I primi a scendere in lotta furono gli abitanti dei Madban, le foreste di palme, poi li seguirono tutti quelli che abitano dentro e attorno i mille ettari di terreno espropriato, dove negli ultimi vent’anni si sono verificati 92 terremoti, uno oltre il grado 6. A supporto delle loro convinzioni anti-nucleari già  radicate, hanno trovato gruppi esperti in grado di contestare, dati alla mano, le garanzie di sicurezza del nuovo impianto, di una generazione mai sperimentata al mondo, i Reattori Pressurizzati Europei, un’esclusiva Areva. «È già  il più grande fiasco annunciato nella storia del nucleare in India», ci assicura senza mezzi termini Praful Bidwai, giornalista investigativo autore di scoop e libri sugli scandali dell’industria atomica nazionale, associata soprattutto a società  americane e russe.
«Non solo questo tipo di impianto pressurizzato non è mai stato sperimentato – dice Bidwai – , ma il primo budget è già  aumentato del 96 per cento, oltre nove miliardi di dollari. L’amministratrice dell’Areva è stata recentemente licenziata dal governo francese per una serie di fallimenti commerciali e la tedesca Siemens è uscita dal consorzio dopo aver capito l’impraticabilità  del progetto. Per questo non credo che la centrale avrà  mai vita facile, e con essa tutte le altre programmate in sei diversi punti delle nostre coste, tutte potenziali Fukushima in un Paese dove non esiste nemmeno l’abnegazione e la conoscenza tecnica dei giapponesi». Bidwai racconta dell’incidente di otto anni fa in uno dei reattori di Kalpakkam, a sud di Chennai, lungo la costa orientale, già  colpita dallo tsunami del 2004. «Il fuoco si sviluppò nella stanza delle turbine con diverse esplosioni – ricorda – ma invece di controllare se i reattori erano in salvo, i dipendenti se la diedero a gambe». Parecchi rimasero comunque esposti seriamente alle radiazioni e la gravità  dell’incidente fu ammessa solo parecchi mesi più tardi.
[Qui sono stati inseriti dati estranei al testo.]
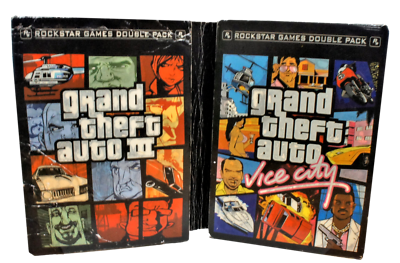 GRAND THEFT AUTO GTA Microsoft XBOX Rockstar Games Double Pack Map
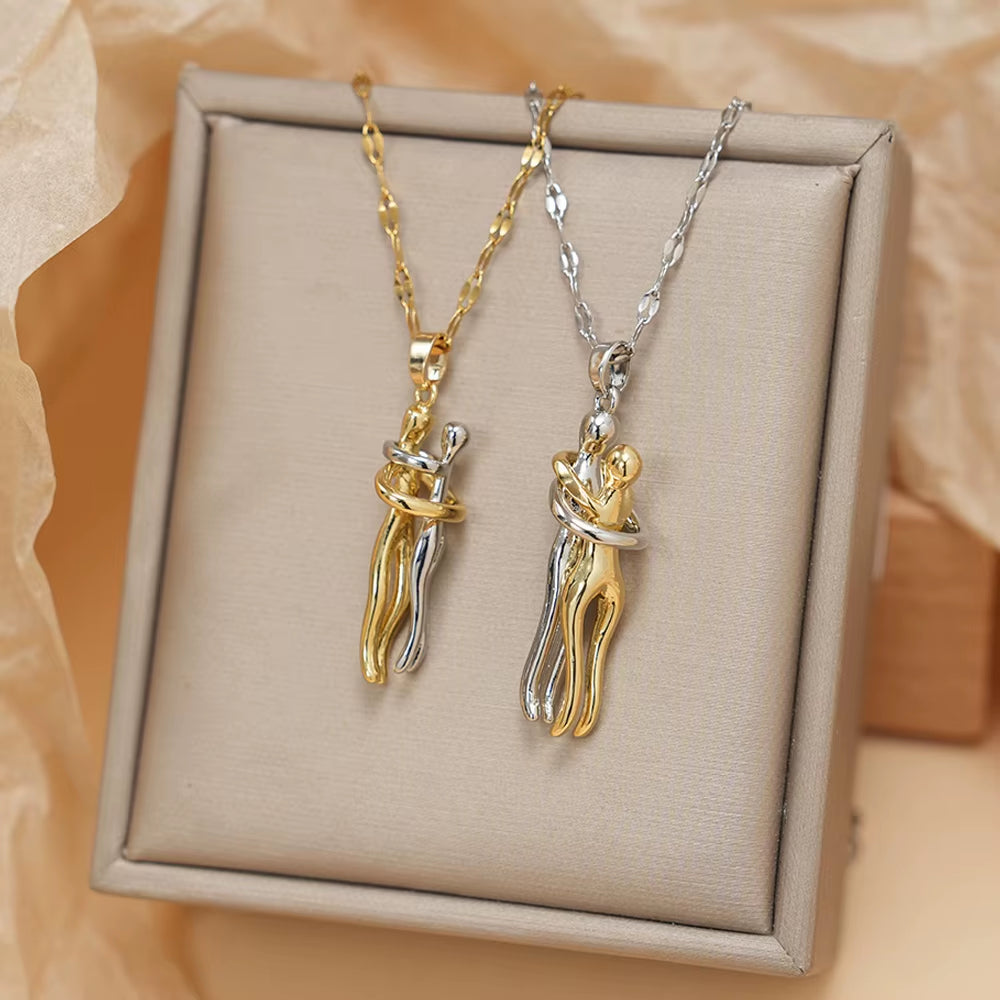 Stainless Steel Couple Hugging Pendant Necklace for Women Men Silver Color Love Chain Good Friend Gifts Fashion Jewelry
Ma nonostante i fallimenti e i ritardi costanti in gran parte dei progetti dell’industria atomica a scopo civile (i dati sulle installazioni per armi nucleari sono segreti), l’India non sembra desistere. «Il paradosso di questa disordinata corsa al nucleare – spiega Saumyl Dutta, ricercatore del Dipartimento di Scienze del Ministero per la Scienza e Tecnologia – è che l’India dipende per meno del 3 per cento dalle centrali atomiche, ma può potenzialmente ottenere 1500 milioni di Megawatt dai soli impianti a energia solare, collocandoli nel deserto del Thar».